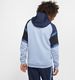 Jordan  Bluza męska Fleece Pullover Hoodie niebieska r. XXL (BQ5651-451) 2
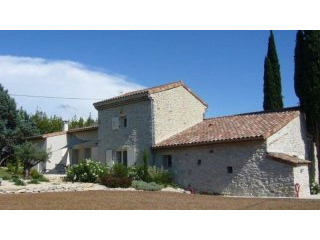 Stone Farmhouse Set On Nearly 1..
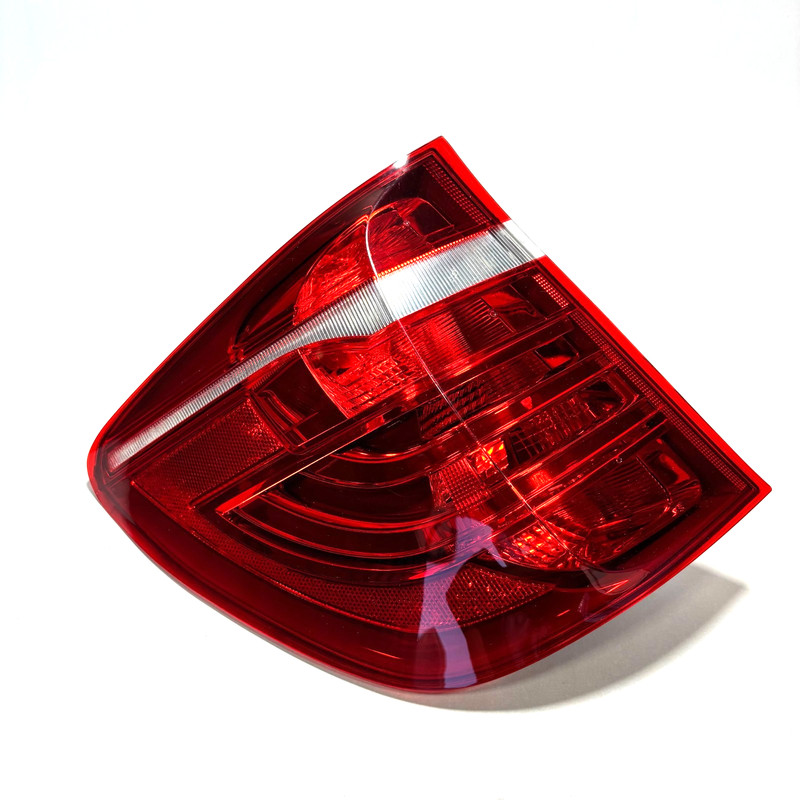 📌2011-2017 BMW X3 LH DRIVER OUTER HALOGEN TAIL LIGHT 7220239-13 63217220239 OEM
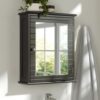 Nautical Mirror Cabinet Nautical Mirror Cabinet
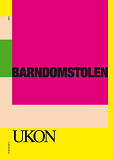 Cover for Barndomstolen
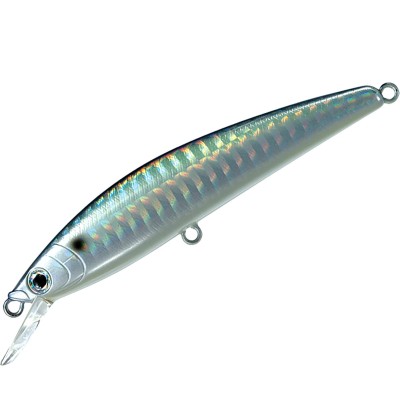 Потъващ воблер Smith Wavy Saltwater Sinking Minnow, 65 мм, 6 г, цвят 08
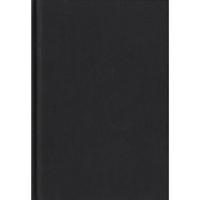 Blanco Notitieboek A4 Zwart - thumbnail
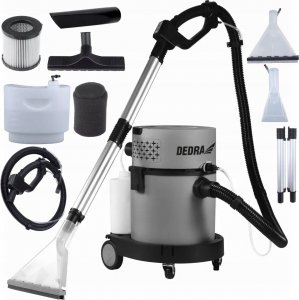 Odkurzacz piorący Dedra DEDRA WASHING VACUUM CLEANER 2in1 1200W 20L 2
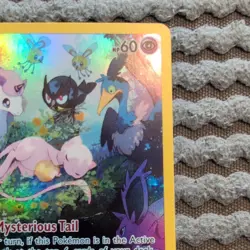 Mew Ultra Rare Crown Zenith: Galarian Gallery GG10/GG70 Pokemon - Image 5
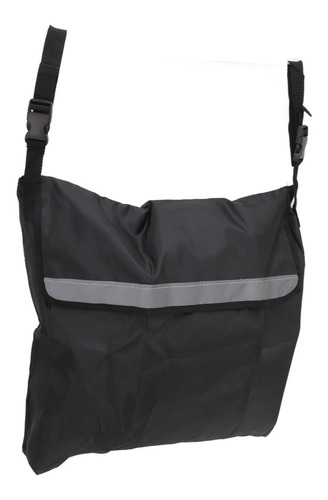 Bolsa Colgante De Lona Para Silla De Ruedas, Gran Capacidad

•••••

WHAT IS BEING ASKED: Set down the line containing "Cover for Barndomstolen" and every line after it up to the end of the material, exactly as written, but not the pictures.

WRITTEN SOLUTION:
 Cover for Barndomstolen
 Потъващ воблер Smith Wavy Saltwater Sinking Minnow, 65 мм, 6 г, цвят 08
 Blanco Notitieboek A4 Zwart - thumbnail
 Odkurzacz piorący Dedra DEDRA WASHING VACUUM CLEANER 2in1 1200W 20L 2
 Mew Ultra Rare Crown Zenith: Galarian Gallery GG10/GG70 Pokemon - Image 5
 Bolsa Colgante De Lona Para Silla De Ruedas, Gran Capacidad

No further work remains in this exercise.